A Smuggler in the Dust, a Director in Trouble
Ai Weiwei plays a water smuggler in The Sand Storm, moving through a landscape where the crisis is already underway and people are only beginning to register what that means. Jason Wishnow’s Kickstarter-funded short film isn’t working from pure science fiction—water scarcity as the engine of future conflict has been the serious prediction for long enough that it no longer sounds speculative. Contamination, extraction, institutional indifference compounding over decades: the conditions are being made. What the film imagines is just the next step.

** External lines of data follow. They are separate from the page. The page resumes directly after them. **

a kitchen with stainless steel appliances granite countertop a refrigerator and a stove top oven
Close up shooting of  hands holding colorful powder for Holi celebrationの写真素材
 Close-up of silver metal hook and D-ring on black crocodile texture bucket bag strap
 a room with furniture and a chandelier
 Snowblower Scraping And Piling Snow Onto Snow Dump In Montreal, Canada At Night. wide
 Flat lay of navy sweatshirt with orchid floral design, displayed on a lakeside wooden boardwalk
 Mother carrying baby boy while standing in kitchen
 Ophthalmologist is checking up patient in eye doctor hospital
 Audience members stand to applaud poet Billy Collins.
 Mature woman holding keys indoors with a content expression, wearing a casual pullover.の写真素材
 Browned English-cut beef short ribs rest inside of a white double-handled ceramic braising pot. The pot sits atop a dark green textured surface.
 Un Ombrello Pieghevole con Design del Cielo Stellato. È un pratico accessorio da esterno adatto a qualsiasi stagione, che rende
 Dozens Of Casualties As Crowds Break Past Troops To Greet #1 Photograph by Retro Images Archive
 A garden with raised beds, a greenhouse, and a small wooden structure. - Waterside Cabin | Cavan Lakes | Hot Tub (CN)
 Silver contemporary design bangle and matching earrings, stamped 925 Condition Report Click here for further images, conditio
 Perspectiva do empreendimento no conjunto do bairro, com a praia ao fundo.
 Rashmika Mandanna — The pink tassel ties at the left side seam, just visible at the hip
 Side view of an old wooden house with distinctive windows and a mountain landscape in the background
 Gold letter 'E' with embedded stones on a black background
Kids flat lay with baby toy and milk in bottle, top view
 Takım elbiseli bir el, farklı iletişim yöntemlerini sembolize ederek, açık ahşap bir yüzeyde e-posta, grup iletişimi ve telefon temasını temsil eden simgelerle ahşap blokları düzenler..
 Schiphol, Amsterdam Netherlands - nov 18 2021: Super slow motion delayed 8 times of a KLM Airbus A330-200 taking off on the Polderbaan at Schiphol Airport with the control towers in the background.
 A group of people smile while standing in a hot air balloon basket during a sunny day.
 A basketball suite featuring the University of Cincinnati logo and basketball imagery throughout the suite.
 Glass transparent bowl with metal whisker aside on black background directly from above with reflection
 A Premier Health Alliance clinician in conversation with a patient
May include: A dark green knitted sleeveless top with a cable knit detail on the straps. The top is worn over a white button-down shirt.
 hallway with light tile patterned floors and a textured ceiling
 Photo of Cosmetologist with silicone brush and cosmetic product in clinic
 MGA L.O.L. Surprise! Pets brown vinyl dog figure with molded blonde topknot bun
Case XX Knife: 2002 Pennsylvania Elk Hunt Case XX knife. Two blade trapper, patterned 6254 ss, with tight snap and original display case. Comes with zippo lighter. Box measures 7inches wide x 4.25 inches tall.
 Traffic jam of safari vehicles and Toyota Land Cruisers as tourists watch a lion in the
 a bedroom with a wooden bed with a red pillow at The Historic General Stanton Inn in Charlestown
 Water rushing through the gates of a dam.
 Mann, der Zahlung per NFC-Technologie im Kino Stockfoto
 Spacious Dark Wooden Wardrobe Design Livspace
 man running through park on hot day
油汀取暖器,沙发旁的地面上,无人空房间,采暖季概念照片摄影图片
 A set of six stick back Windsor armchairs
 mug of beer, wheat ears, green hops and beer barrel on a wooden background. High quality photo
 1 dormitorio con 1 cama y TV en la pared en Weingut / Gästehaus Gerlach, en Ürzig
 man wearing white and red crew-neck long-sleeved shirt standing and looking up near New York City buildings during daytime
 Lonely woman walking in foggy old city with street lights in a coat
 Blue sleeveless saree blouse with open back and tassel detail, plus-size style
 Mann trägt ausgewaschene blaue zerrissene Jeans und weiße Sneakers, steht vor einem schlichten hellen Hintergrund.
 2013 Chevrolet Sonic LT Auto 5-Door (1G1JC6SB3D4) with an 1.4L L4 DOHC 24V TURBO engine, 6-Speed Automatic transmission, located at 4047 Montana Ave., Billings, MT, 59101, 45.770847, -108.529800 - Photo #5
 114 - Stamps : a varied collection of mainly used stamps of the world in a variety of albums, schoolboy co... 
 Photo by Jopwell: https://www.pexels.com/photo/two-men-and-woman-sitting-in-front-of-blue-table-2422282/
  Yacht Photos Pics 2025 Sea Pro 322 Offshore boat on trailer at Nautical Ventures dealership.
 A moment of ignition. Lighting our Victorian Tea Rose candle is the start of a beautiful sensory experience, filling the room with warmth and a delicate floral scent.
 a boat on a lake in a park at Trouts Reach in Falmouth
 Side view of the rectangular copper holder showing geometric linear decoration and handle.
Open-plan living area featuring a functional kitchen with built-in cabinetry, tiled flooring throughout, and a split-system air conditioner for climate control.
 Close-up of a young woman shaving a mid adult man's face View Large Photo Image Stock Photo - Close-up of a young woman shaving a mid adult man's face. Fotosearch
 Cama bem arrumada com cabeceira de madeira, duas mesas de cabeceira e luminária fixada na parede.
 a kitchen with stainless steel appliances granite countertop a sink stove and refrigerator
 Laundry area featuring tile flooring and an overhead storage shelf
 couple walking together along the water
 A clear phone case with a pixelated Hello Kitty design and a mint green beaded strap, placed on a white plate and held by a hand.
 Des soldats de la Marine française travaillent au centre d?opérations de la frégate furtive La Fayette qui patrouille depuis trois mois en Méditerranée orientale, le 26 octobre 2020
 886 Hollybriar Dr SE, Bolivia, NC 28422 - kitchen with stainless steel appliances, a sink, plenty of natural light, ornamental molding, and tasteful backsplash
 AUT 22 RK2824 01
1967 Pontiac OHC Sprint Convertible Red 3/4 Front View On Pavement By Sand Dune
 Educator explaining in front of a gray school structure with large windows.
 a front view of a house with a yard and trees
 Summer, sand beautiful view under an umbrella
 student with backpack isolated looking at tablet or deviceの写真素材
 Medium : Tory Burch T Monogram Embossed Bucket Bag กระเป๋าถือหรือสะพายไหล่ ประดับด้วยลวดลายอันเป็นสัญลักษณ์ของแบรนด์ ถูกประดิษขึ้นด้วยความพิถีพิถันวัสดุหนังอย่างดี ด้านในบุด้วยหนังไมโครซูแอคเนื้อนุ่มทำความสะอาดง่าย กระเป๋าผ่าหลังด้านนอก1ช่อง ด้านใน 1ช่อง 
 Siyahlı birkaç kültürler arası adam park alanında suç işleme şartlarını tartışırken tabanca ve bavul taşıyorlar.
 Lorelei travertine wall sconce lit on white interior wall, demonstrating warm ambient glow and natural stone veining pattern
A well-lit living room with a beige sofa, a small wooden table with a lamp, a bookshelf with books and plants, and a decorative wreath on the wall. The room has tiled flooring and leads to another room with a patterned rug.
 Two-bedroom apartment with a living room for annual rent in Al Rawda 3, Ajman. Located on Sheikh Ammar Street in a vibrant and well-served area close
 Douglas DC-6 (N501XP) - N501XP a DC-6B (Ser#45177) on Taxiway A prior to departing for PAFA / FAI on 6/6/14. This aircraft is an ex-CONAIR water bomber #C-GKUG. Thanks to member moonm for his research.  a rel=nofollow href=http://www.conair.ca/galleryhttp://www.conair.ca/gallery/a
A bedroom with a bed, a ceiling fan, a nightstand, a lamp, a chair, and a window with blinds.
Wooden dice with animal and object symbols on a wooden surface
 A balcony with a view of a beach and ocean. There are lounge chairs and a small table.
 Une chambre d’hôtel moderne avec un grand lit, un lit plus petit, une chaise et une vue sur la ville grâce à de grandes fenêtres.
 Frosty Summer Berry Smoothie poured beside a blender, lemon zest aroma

Ai Weiwei wasn’t an arbitrary casting choice. He’d been detained by the Chinese government for 81 days in 2011. His passport was confiscated and held for four years afterward. He understands, in a way most people fortunately don’t, what it means to be a body a state apparatus has decided is a problem—and that history saturates any role he inhabits, whether Wishnow intended it to or not.
The film didn’t survive its own production cleanly. Ai Weiwei issued a public statement distancing himself from it, claiming the director had used his name and image for promotional purposes without permission. Backers moved to withdraw funding. The question the controversy raised—inevitably—was whether the film itself was substantial enough to justify the noise around it. A contested short is still just a short. The subject was genuinely rich: water, power, a man in transit through a world trying to stop him. Whether The Sand Storm earned its premise is a different question from whether the controversy around it was proportionate, and probably the more interesting one.